- Occupation: Businessman

= Hunter L. Hunt =

American heir and businessman

Hunter L. Hunt is an American businessman and heir of the wealthy Hunt family. He serves as the chairman and co-chief executive officer of Hunt Consolidated Energy.

==Life and career==
Hunt's late paternal grandfather, H. L. Hunt, was the founder of Hunt Oil Company, and his father, Ray Lee Hunt, is the executive chairman of Hunt Consolidated. He graduated from Southern Methodist University in Dallas, Texas summa cum laude with a BA in Economics and Political Science with minors in Mathematics and business. After graduating, Hunt worked for the investment banking firm Morgan Stanley, serving in the corporate finance and commodities trading departments in New York City and London.

Hunt served as president of MeterSmart. In 1998, he started two electricity companies, Hunt Power and Sharyland Utilities. He serves as the chairman and CEO of Hunt Consolidated Energy, a holding company for the Hunt Oil Company.

From September 1999 to January 2001, he worked on George W. Bush's presidential campaign, focusing on energy, taxes, and the budget.

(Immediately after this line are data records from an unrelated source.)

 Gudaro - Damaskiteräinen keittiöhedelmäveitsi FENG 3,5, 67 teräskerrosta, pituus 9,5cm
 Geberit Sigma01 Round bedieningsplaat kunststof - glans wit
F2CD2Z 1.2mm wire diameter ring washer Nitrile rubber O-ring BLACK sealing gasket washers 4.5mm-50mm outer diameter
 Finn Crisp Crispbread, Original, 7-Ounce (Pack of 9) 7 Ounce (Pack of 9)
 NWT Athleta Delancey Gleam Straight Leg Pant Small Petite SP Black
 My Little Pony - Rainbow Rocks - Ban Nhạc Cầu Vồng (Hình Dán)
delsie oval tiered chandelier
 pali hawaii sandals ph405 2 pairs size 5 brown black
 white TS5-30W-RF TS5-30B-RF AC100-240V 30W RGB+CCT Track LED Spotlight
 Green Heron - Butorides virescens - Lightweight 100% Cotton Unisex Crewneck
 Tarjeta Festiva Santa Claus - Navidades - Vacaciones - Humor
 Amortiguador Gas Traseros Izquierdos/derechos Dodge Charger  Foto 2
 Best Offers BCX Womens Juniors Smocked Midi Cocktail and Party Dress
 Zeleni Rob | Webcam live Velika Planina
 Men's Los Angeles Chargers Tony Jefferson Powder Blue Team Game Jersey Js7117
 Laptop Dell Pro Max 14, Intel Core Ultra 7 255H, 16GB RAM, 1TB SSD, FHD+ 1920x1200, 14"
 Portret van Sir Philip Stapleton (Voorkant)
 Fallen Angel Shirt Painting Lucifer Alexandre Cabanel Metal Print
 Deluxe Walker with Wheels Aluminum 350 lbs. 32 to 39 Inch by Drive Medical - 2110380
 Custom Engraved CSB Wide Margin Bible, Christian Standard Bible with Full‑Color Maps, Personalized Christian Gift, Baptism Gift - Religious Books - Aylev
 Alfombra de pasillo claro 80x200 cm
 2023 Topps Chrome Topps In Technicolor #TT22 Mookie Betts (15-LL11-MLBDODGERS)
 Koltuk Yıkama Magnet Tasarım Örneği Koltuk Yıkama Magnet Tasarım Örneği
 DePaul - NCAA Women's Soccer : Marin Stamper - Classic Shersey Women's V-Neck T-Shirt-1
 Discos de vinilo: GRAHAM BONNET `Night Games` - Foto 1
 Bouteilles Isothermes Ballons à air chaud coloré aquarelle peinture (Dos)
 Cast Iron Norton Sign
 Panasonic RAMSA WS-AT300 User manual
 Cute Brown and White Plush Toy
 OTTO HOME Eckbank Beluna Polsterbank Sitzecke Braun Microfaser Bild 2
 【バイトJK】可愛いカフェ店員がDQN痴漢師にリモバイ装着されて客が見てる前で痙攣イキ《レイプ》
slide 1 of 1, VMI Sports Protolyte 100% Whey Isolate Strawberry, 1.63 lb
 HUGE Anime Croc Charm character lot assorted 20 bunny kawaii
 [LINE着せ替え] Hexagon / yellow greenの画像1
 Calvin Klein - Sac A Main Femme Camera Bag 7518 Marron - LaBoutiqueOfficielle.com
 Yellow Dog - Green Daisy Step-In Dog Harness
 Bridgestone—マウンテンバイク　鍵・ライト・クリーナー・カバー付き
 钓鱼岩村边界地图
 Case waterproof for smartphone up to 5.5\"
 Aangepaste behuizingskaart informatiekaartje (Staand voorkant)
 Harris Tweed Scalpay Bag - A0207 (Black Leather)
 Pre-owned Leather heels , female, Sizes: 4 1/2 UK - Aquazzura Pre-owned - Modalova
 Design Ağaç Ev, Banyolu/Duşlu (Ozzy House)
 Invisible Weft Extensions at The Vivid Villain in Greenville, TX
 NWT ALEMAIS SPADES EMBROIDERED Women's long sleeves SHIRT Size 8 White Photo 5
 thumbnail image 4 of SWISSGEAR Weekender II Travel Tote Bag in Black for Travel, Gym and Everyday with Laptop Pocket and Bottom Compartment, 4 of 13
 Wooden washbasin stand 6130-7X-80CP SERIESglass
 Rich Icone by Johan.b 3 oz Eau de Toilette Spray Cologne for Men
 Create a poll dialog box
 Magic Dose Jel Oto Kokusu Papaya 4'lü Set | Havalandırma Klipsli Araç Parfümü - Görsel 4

Hunter and his wife, Stephanie, were reported, in January, 2014, to have purchased the 73-year-old, 43,000-square-foot Masonic Lodge in downtown Dallas to use as a hub for collaborative ventures for the city, including housing the "Urban Innovation Lab for Youth", which would serve as "an open-access space where kids can collaborate or experiment together in solving problems – a place where they can feel safe to fail, iterate and evolve their thinking."

He is married to Stephanie Erwin Hunt.